UT is a leader in advanced manufacturing and design across a diverse range of disciplines—from scientists and engineers generating discoveries that drive manufacturing innovation to designers uniting novel materials and fabrication techniques to conceptualize objects and spaces to sociologists analyzing labor trends and workforce needs to supply chain researchers providing insights that help businesses navigate challenging times to artists inspired by industrial spaces.
In October, UT is holding a showcase to help celebrate these many strengths and take UT’s collaborative research to even greater heights.
Who is hosting?
Co-hosts include the Office of Research, the College of Architecture & Design, the College of Arts & Sciences, the Haslam College of Business, the Institute of Agriculture, and the Tickle College of Engineering.
Who should attend?
The event is open to UT administrators, faculty, and staff.

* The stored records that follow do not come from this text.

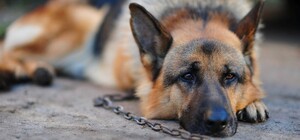 В Запорожье пара жестоко побила свою собаку, потому что 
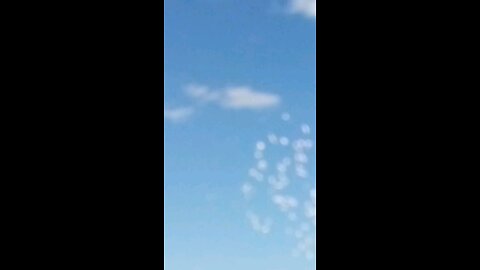 Underside View Huge Flock of Corellas Flyover the River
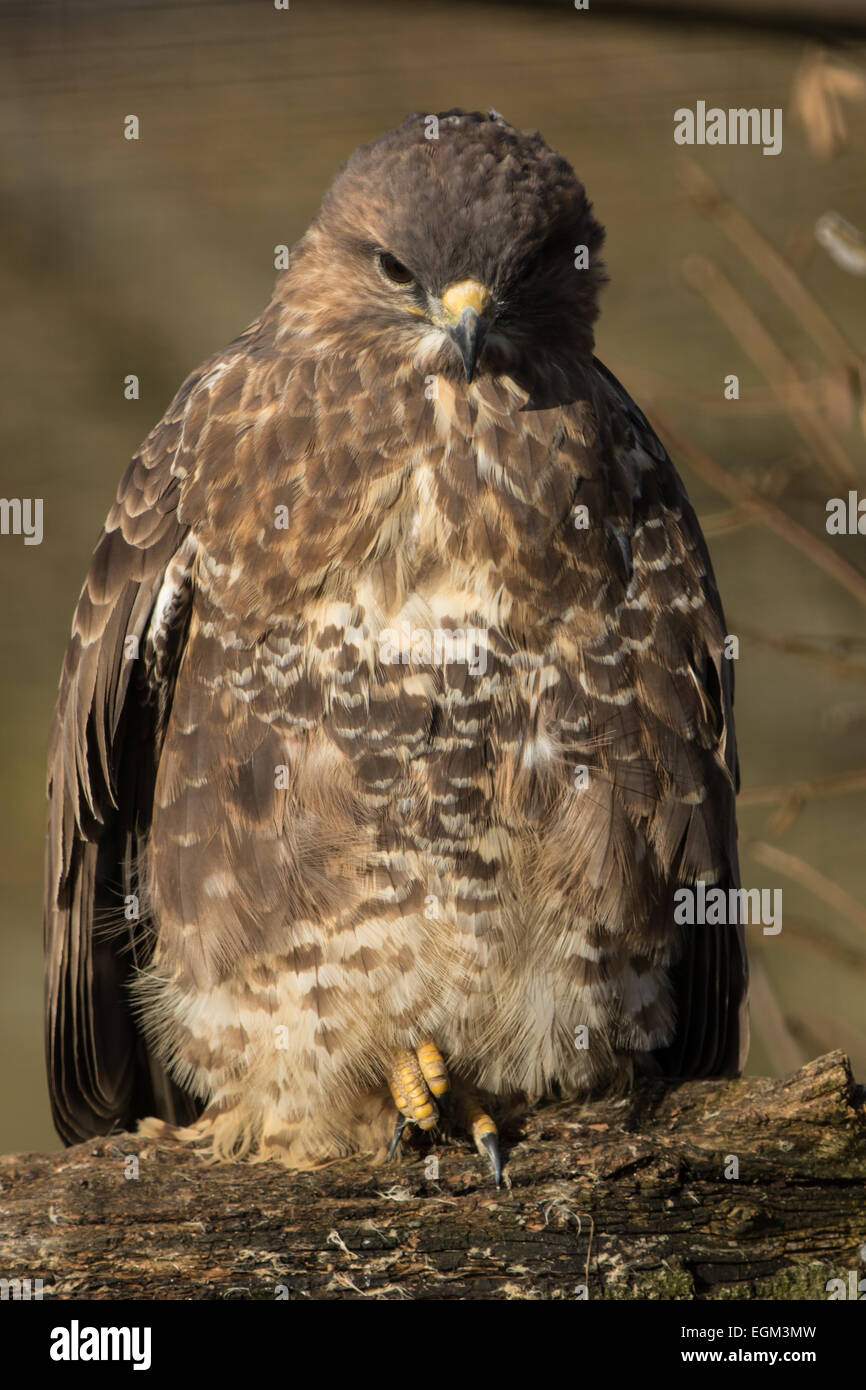 Buse variable sur la branche. Profil complet. Au printemps. Banque D'Images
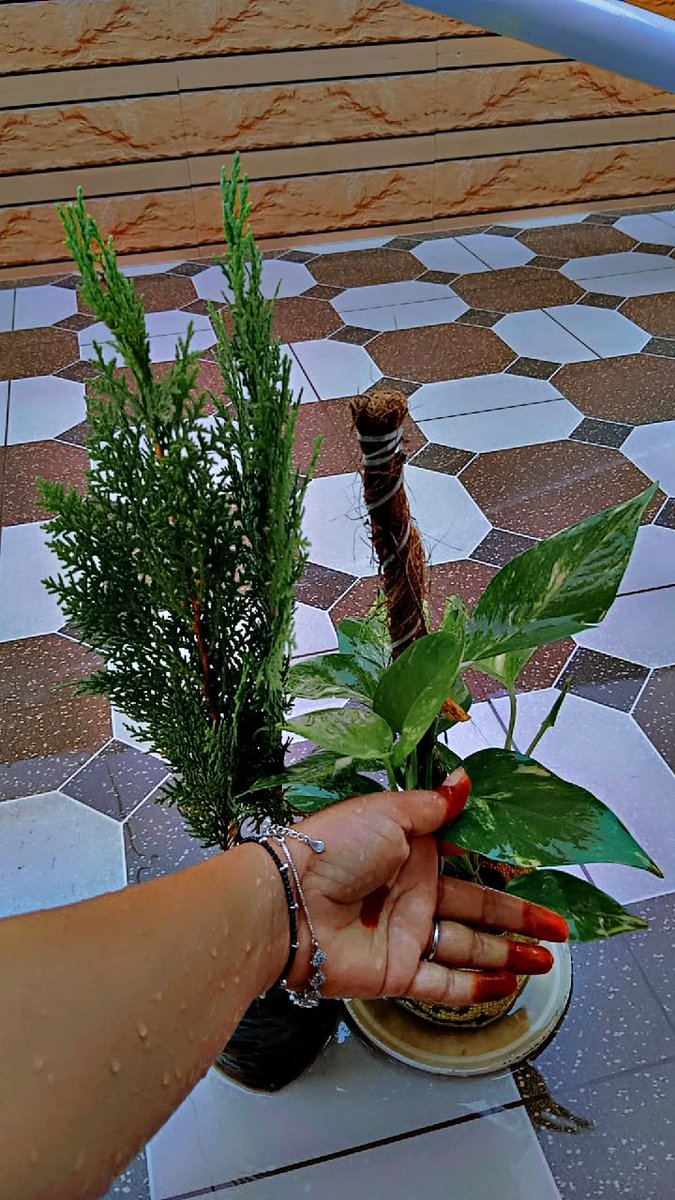 ये मौसम की बारिश,ये बारिश का पानी
ये पानी की बूँदें, तुझे ही तो ढूँढें...... 🌧️🎵😋

#बारिश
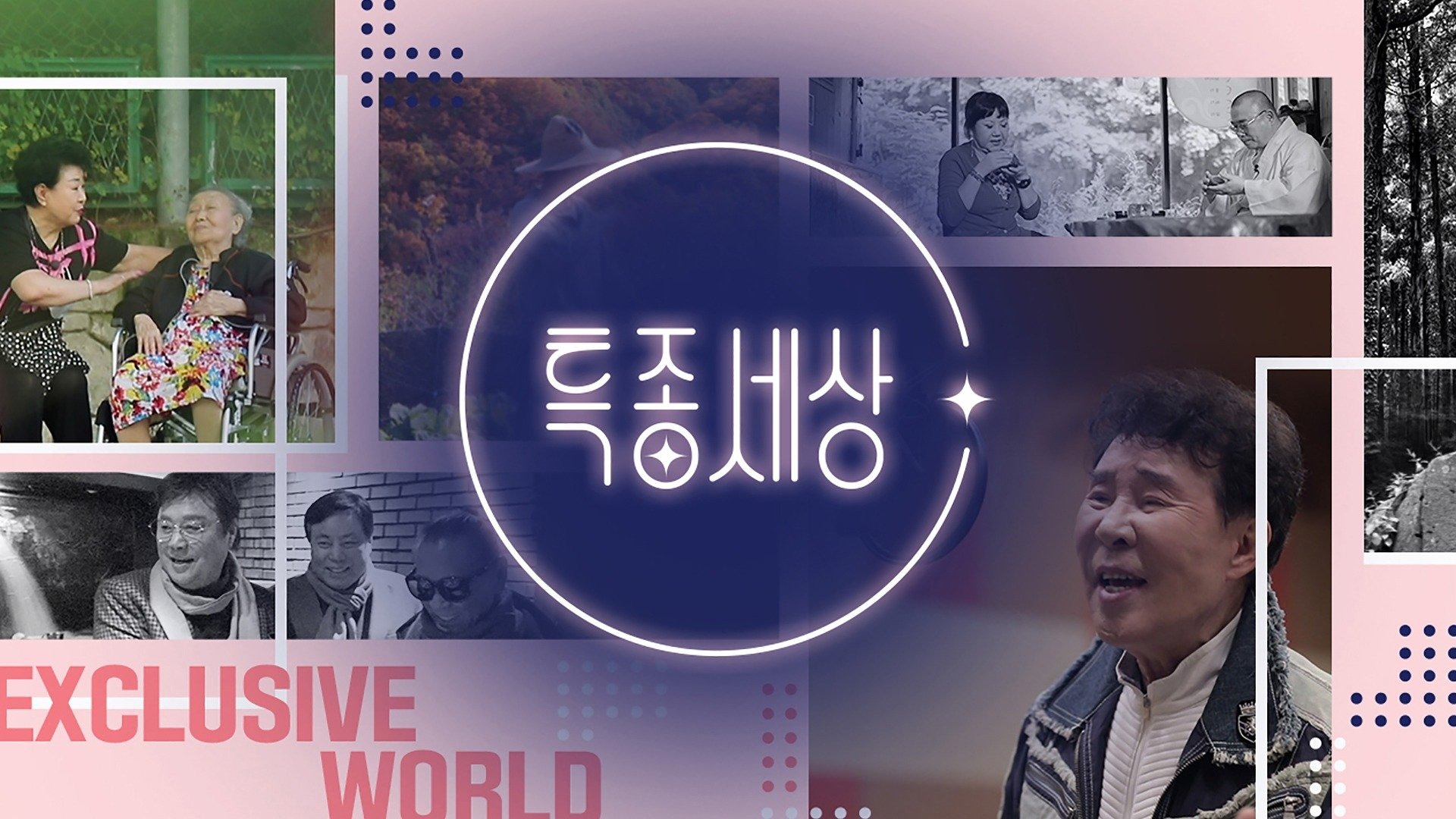 현장르포 특종세상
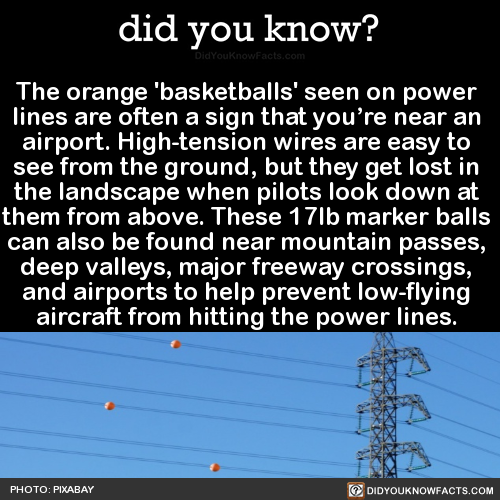 the-orange-basketballs-seen-on-power-lines-are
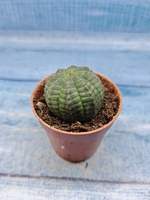 Euphoria Obesa (Эуфорбия)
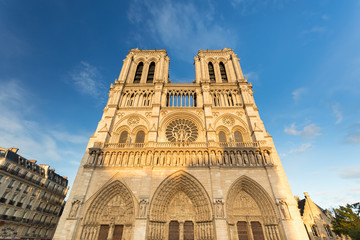 Fototapeta na wymiar The Cathedral of Notre Dame de Paris, France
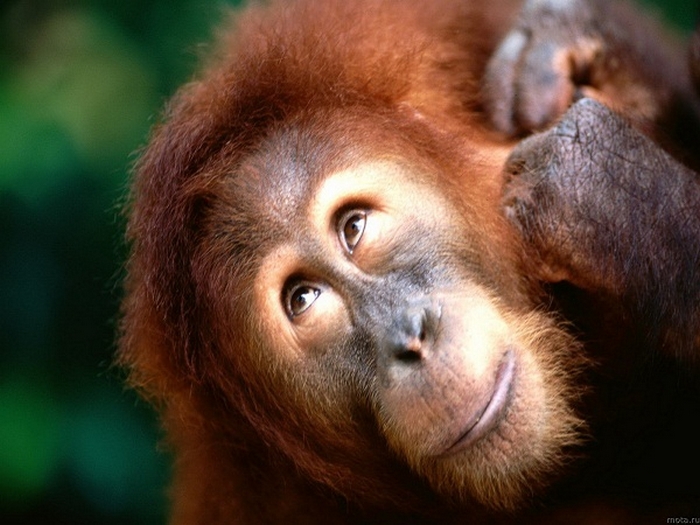 Орангутанг научился говорить ВИДЕО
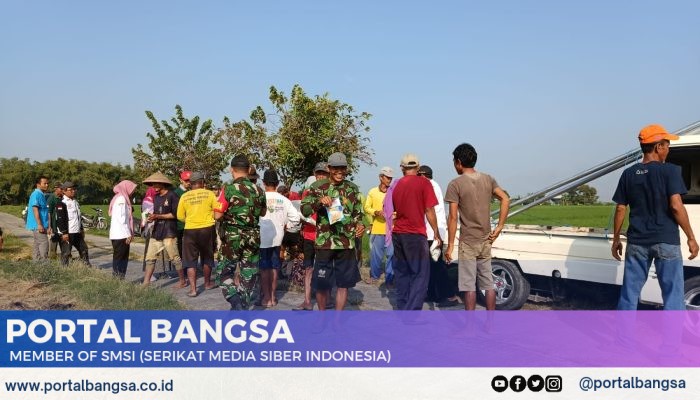 Wujud Sinergitas Bersama Rakyat Babinsa Kodim 0812 Lamongan Lakukan Pendampingan pada Petani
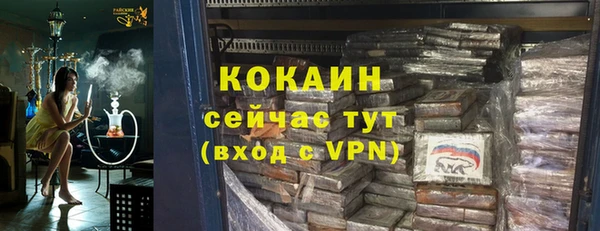 гидра Арсеньев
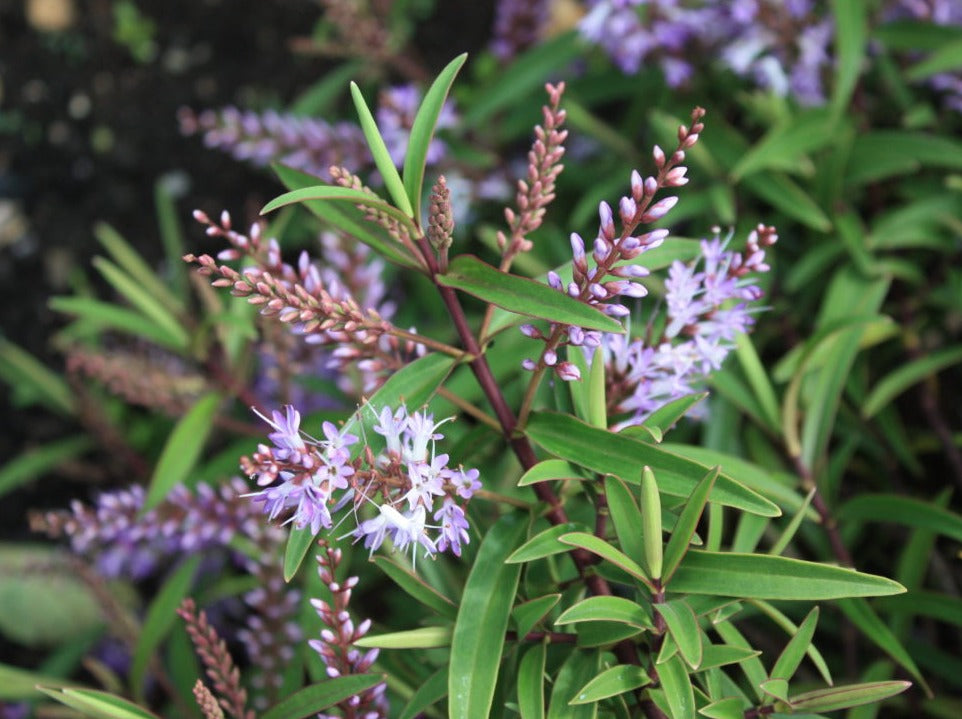 Hebe 'Purple Quartz'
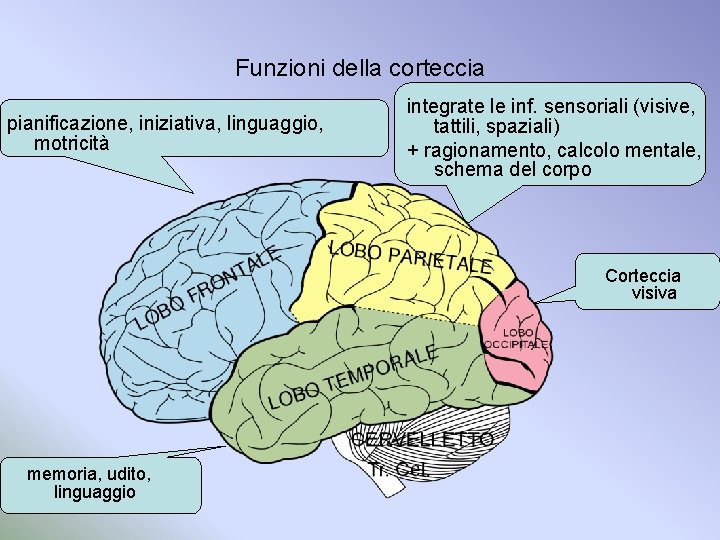 Funzioni della corteccia pianificazione, iniziativa, linguaggio, motricità integrate le inf. sensoriali (visive, tattili, spaziali)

Please RSVP below.
When and where is the event?
Monday, October 17, 8:00 a.m. to 5:00 p.m. in the new Manufacturing and Design Enterprise building at 2030 Valley Vista Rd, Knoxville, TN 37932.
Benefits of attending
- Discover where UT’s manufacturing and design community is growing through a series of interesting lightning talks.
- Meet potential collaborators to expand your research in new directions.
- Learn how to contribute to the conversation as UT develops its future strategy for manufacturing and design.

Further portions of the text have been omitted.